Use the c() function to combine individual numbers into a vector

The syntax for creating a vector generally looks like: c(1, 2, 3, …). You could also use a colon as a shortcut!

numbers <- c(1:10) #numbers<- c(1,2,3,4,5,6,7,8,9,10) also works!

Exercise 2

Exercise 2: Summarizing Data. Apply the summary() function to penguin_sample.

Call summary() on your data frame, which is named penguin_sample.

summary(____)
summary(penguin_sample)

Exercise 3

Create a simple plot of bill_length vs body_mass from penguin_sample.

Hint: Use the plot() function with two arguments from your data frame.

The syntax is plot(data_frame$column1, data_frame$column2)

plot(penguin_sample$bill_length, penguin_sample$body_mass)

Exercise 4

Using the $ Operator: Extract the bill_length column from penguin_sample using the $ operator. Assign it to a new stand-alone vector called bill_length.

To check your work, run the following code in the code chunk below.

bill_length

This code should print the vector if done correctly.

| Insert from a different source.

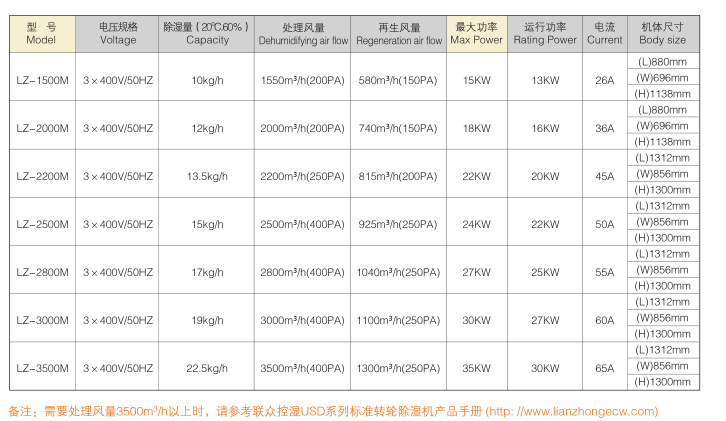 QQ截图20140109095035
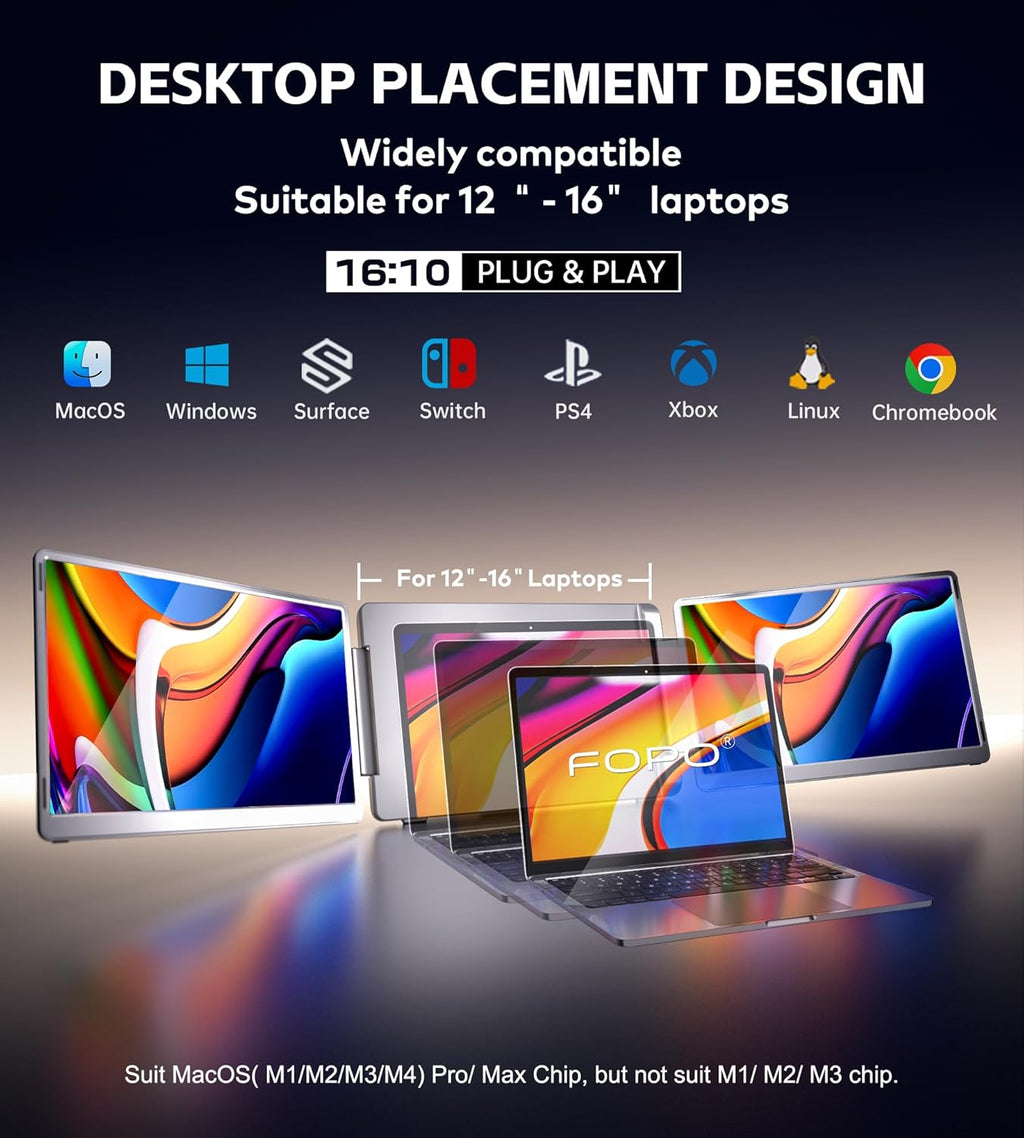 14' Triple Monitor Laptop Screen Extender- FHD 1200P 16:10 Laptop Screen Extender, Left Screen 360° Flip Portable Monitor for 12-16.5' Laptops with HDMI/USB-C, Plug & Play - S7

The $ operator is used to select a single column from a data frame.

Start with bill_length <-

and use syntax like my_data_frame$column_name

 bill_length <- penguin_sample$bill_length

Exercise 5

Using the $ operator to reference the vector (variable) bill_length in the dataframe penguin_sample, create a new object called long_bill that takes on only the bill length values of survey respondents greater than or equal to 50mm.

To check your work, run the following code in the code chunk below.

long_bill

This will print bill lengths over 50 if successfully coded.

Use bracket indexing. The vector penguin_sample$bill_length should appear twice in the correct code!

long_bill <- penguin_sample$bill_length[___ >= 50]
long_bill <- penguin_sample$bill_length[penguin_sample$bill_length>= 50]

Exercise 6

This time, extract the entire dataset (all columns, including body mass and species info) for the group of penguins with a bill length over 50mm. Call this object long_bill_data.

To check your work, run the following code in the code chunk below.

long_bill_data

This will print only penguins with bill lengths over 50 if successfully coded.

Use bracket indexing. You will need to specify rows you are interested in, and leave the column field blank to return ALL columns of data

long_bill_data <- penguin_sample[___ >= 50,]
long_bill_data <- penguin_sample[penguin_sample$bill_length >= 50,]

Congratulations, you finished this tutorial!